For our next physical prototypes of Castle Quest, we bought some PVC pipes and created more realistic looking “cannons” that sat atop boxes that performed similar functions as our box prototypes. This was the version we presented in class on March 11th. Though the trial was successful, 3DE still saw much room for improvement. That night, we set about enhancing the external aesthetics and the internal mechanics of our “cannons.”
The final version of Castle Quest contains several important internal improvements. We moved the RFID readers farther away from the entry slot and created a Faraday's Cage around them to better maintain and direct their signals, addressing the issue of unwanted tag detection. Furthermore, we completely reconstructed the internal tag-returning slide mechanism. First, we constructed a brand new wooden slide mechanics to prevent tags from sliding too fast past the RFID reader and not getting read. Then, we rerouted the side so that played tags would automatically be re-dispensed out to the side of the cannon since the previous cannons occasionally burdened players by requiring them to tilt the entire cannon or reach into the output slot to retrieve the tags. All the internal mechanisms could be easily accessed and adjusted as we built doors into our new cannons.
Externally, 3DE built more realistically looking cannons based on a careful study of actual cannon images. We painted the cannon bases with colors that corresponded to the ones in the digital system and also decorated their side with wood-prints.
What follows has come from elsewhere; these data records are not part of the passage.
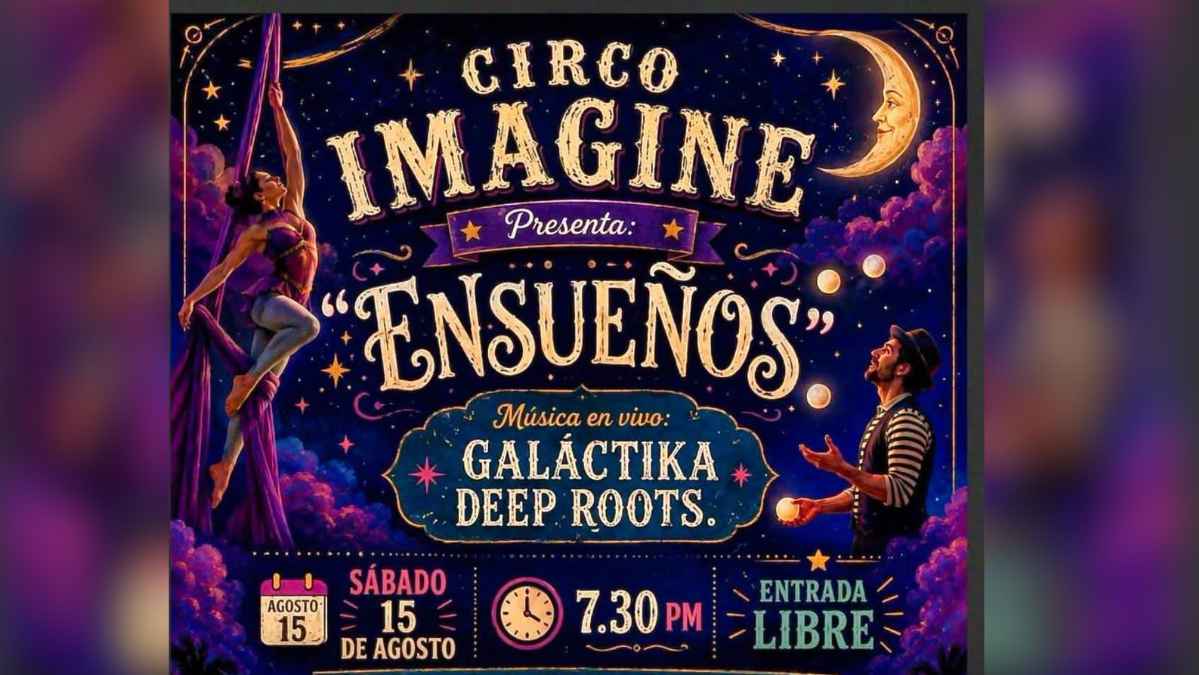 Imagine Circus "Ensueños" Puerto Morelos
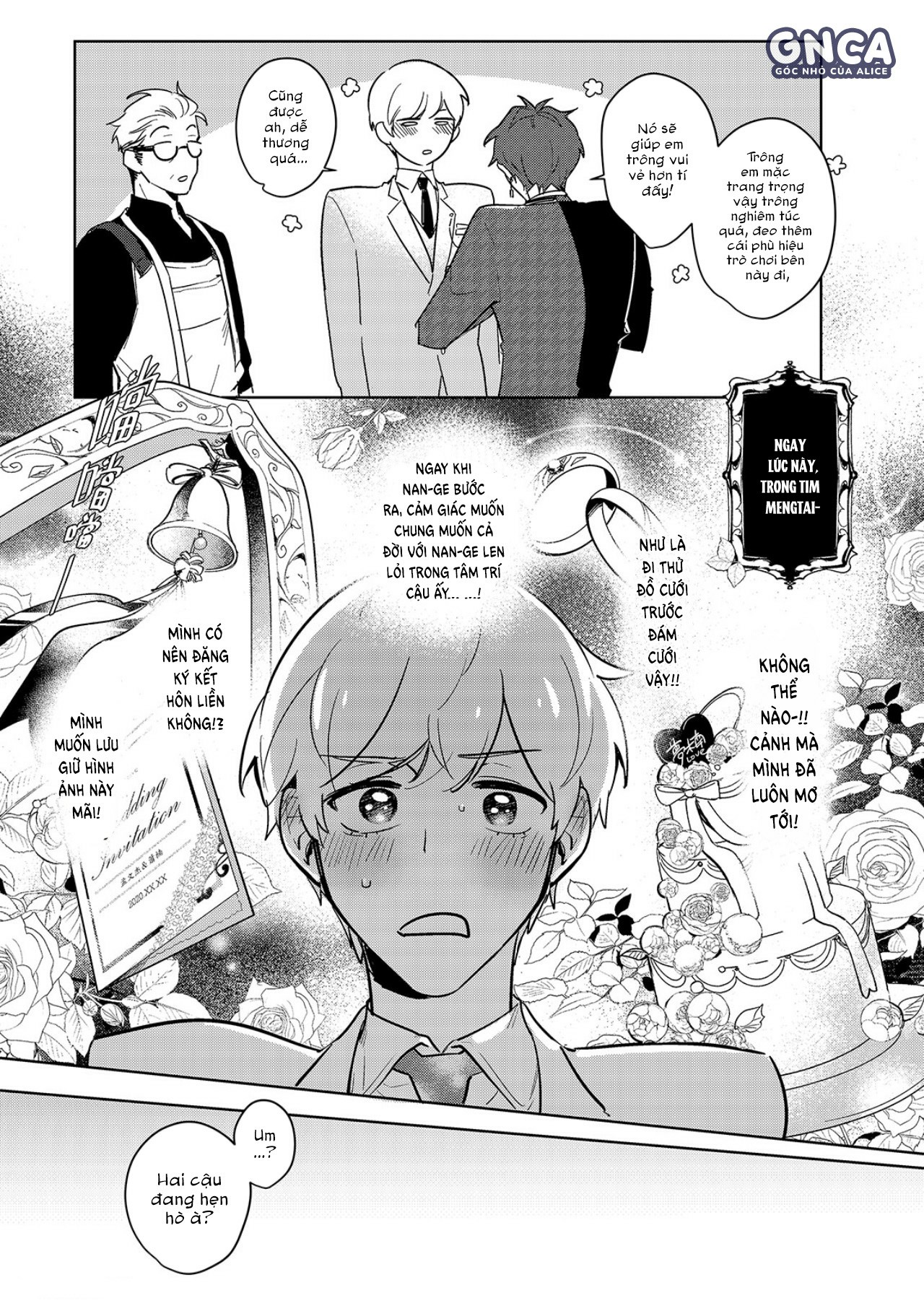 cậu phải làm bạn trai tôi chapter 7 26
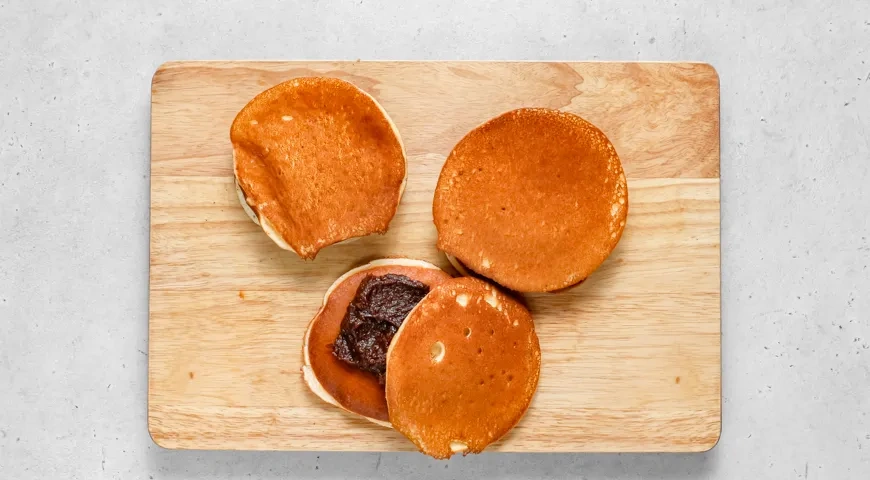 Дораяки (японские блинчики): шаг 8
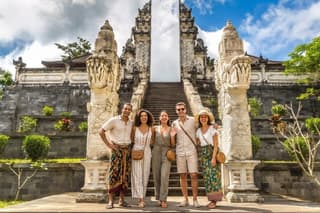 Bali Gates of Heaven Sunrise Private Tour with Photoshoot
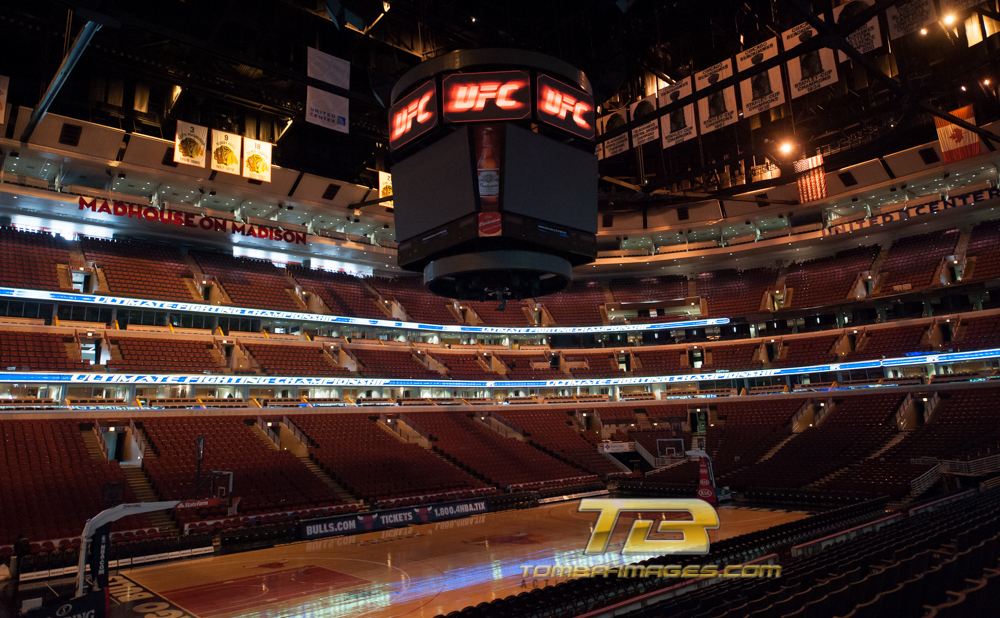 UFC on Fox Press Conference ....Chicago's United Center 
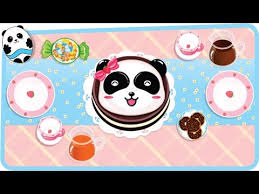 Baby Panda S Birthday Party Babybus Games Youtube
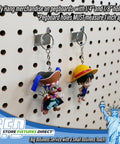 Pegboard Notch Hook 25 Pack Must Have Picture Hanger For Slatwall And Peg Wall Chrome Zinc Finish 1 1/8 Inch Long By 1 1/4 Inch High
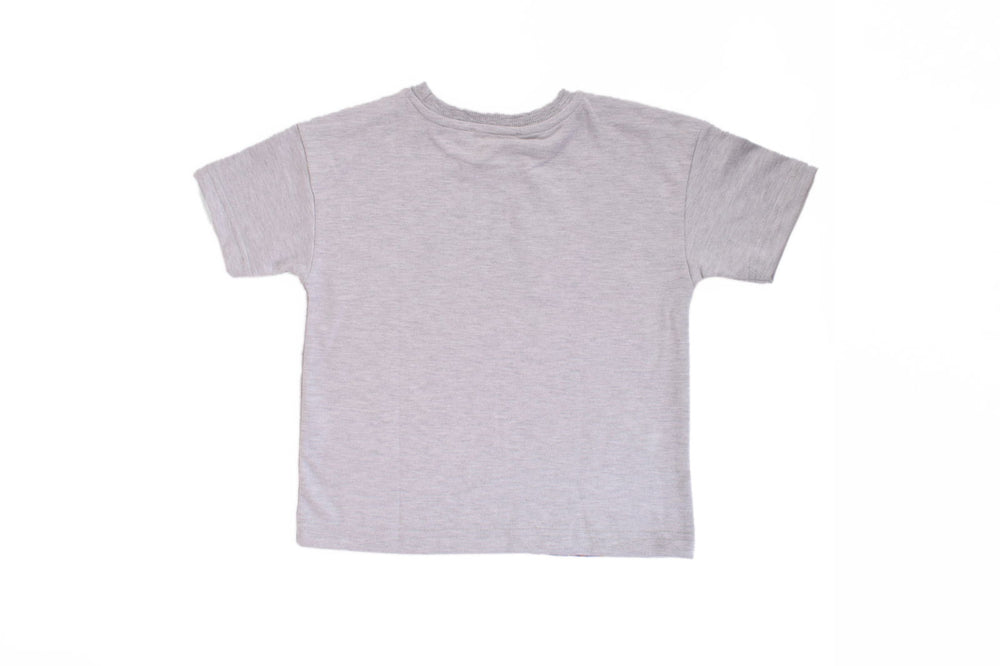 Round Printed Over Size T-Shirt - Junior Egypt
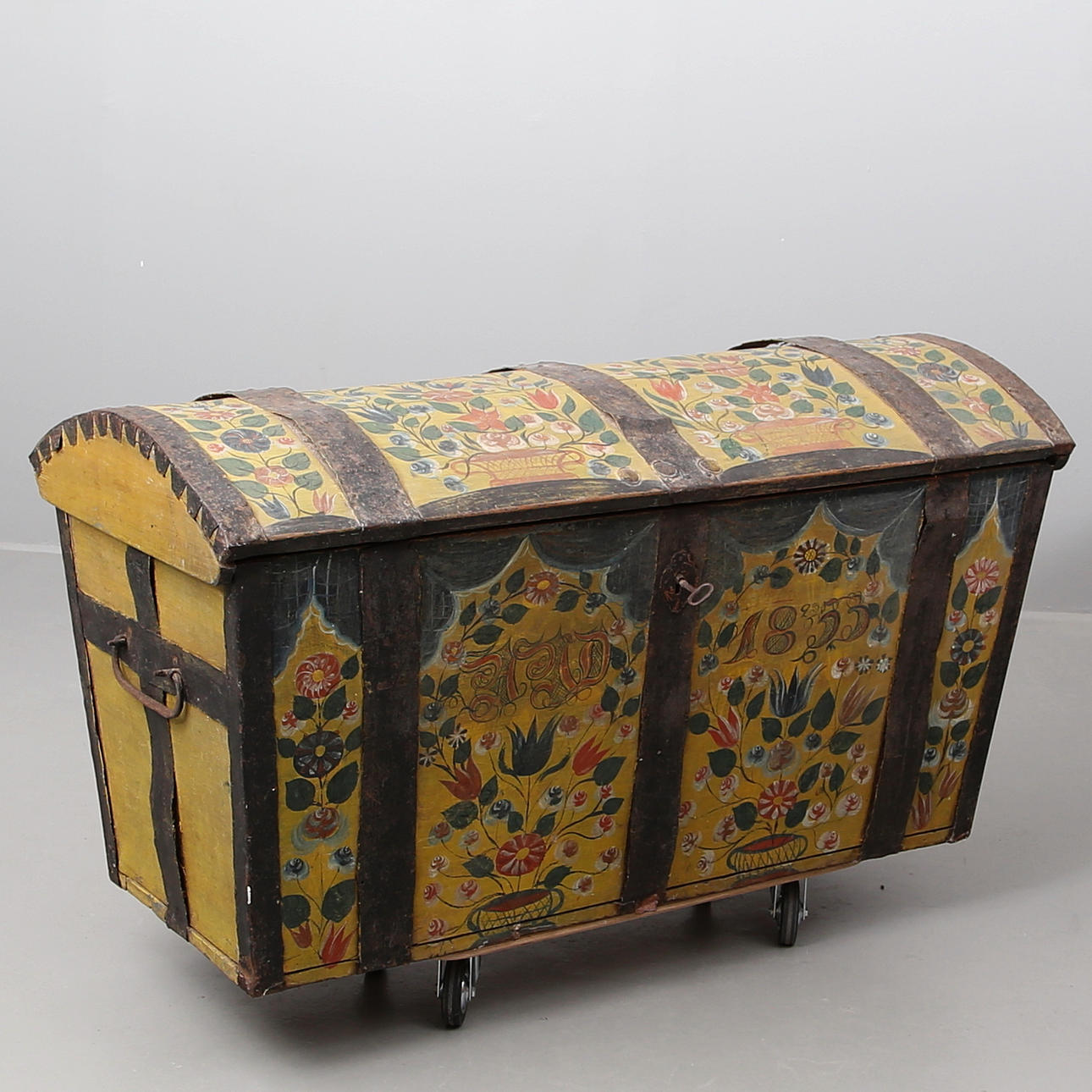 KISTA, märkt och daterad, HAD 23/9-1853.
Ultimately, what we created were fierce looking cannons that effective received players' decision in the form of tags, read and sent them to the central computer system to be processed, and then returned them to the player once finished.

Cannonballs

Throughout the user testing of our RFID-inclusive prototypes, we observed many kids struggling to pick up the thin card-shaped tags and knew we did not want to use these tags in the final version of our game. We explored the idea of using ping-pong ball stuffed with a tiny RFID tag and painted into cannonball for input pieces. However, while we knew they'd be easy to pick up, we ultimately decided against them because one, they would be difficult to maintain in a single, orderly place and second, the effort needed to attach them with tags in way that guaranteed they be read appeared to exceed the benefit they brought to game play. And so, we settled upon using the poker-chipped RFID tags as the final representation of our cannonball pieces. To make their representation of cannonballs more explicit, we designed and printed out cannonballs that were color and numerically labeled on sticker paper. Sticking them onto our RFID tags, it was clear which tags should be played with which cannon and how much they were valued.

We left very optimistic about Castle Quest as one kid commented that it, "...is the best game in the world."